The short version was he’d never gotten over it.
“Doctors are like that, some of them,” Jimmy said. “They keep it to themselves but it rips them up when they lose one.”
She sat with her legs crossed, her hands in her lap. “That wasn’t Barry’s problem,” she said. “He had no problem losing a case.”
She probably didn’t mean the twist of bitterness in the way she said the line.
“It wasn’t that,” she said.
And then she went into it in great detail, the days and weeks of that time, of 1977, starting even before the trial began. She never referred directly or even indirectly to Harry Turner setting things up, running things from behind the curtain, but he was as present in the story as if she had named his name or he was standing there in the room with them. They’d disagreed from the start, Barry Upchurch and “the others,” until Upchurch finally got the message and shut up and stopped having ideas, or at least stopped saying them out loud.
And then came the verdict. And then the appeals. And then the execution.
“His practice picked up after the Kantke case,” she said, this time intending every bit of the bitterness she laid onto the words. “It was quite remarkable. Some of the finest criminals in Long Beach were suddenly Barry’s.”
Jimmy asked her the question he already knew the answer to.
“No,” she said. “Jack Kantke was innocent. Completely. And Barry knew it. And knew how to prove it.”
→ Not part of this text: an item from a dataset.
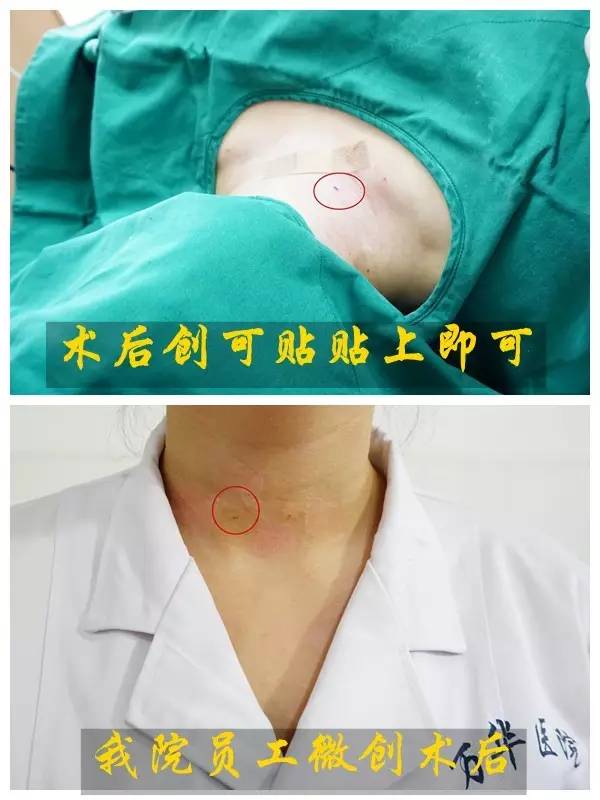 章建全教授来烟台万华医院行甲状腺乳腺超微创手术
She laid it all out. It had to do with the killer behind the wispy curtains in that front bedroom, waiting, and the angle of the barrel of the .45 in that hand, the trajectory of the two bullets, the height of the shooter.
And the fact that Jack Kantke was an inch over six feet.
“They wouldn’t use it,” she said. “Barry went to the mat but they wouldn’t use it. And it killed him.”
She heard what she had just said.
“Killed both of them I guess.”
“You never knew why,” Jimmy said. “Why they wouldn’t use it.”
She shook her head and then looked at him as if maybe, now, he was going to tell her. When he didn’t, she said, “So I guess losing did take its toll. Or maybe it was seeing the ways things really are.”
Jimmy would remember that last line.
She invited him to stay for the steaks but he just shook her hand again and looked again at the portrait and went out the way he’d come in.
D. L. Upchurch was watching the fading charcoal fire.
“You can stay,” he said. “Eat.”
Jimmy looked at that face in the red and orange light. What would come to him in a minute was starting to come now.
“No, that’s all right,” he said.
“Up to you.”
Jimmy said, “Sorry about the creeping around. I really meant to come out here in the morning.”
“Old habits,” D. L. said. Maybe it was an apology, too.
Then Jimmy got it.
He stayed put in front of the man.
“She tell you about the trajectory?” D. L. said.
“Yeah.”
“The angle. The shooter behind the curtain.”
“Yes.”
“Bill Danko’s wife killed them,” D. L. said, straight ahead, eyes down. “She was five-f oot-one.”
D. L. Upchurch was a cop. One brother’s a lawyer and his big brother’s a cop, like something out of an old Warner Bros. movie.
And not just any cop, a Long Beach cop, the Long Beach uniformed cop in the newspaper picture looking out of the murder bedroom. Looking up.
023
Jimmy went back to the Evergreen and drank dark beer until they closed and then he was in his cabin with the tall German girl. They kissed and that’s all they did and only that because the day and the work with its tricks and surprises and reversals had gotten to him.
And because they were both so far from home.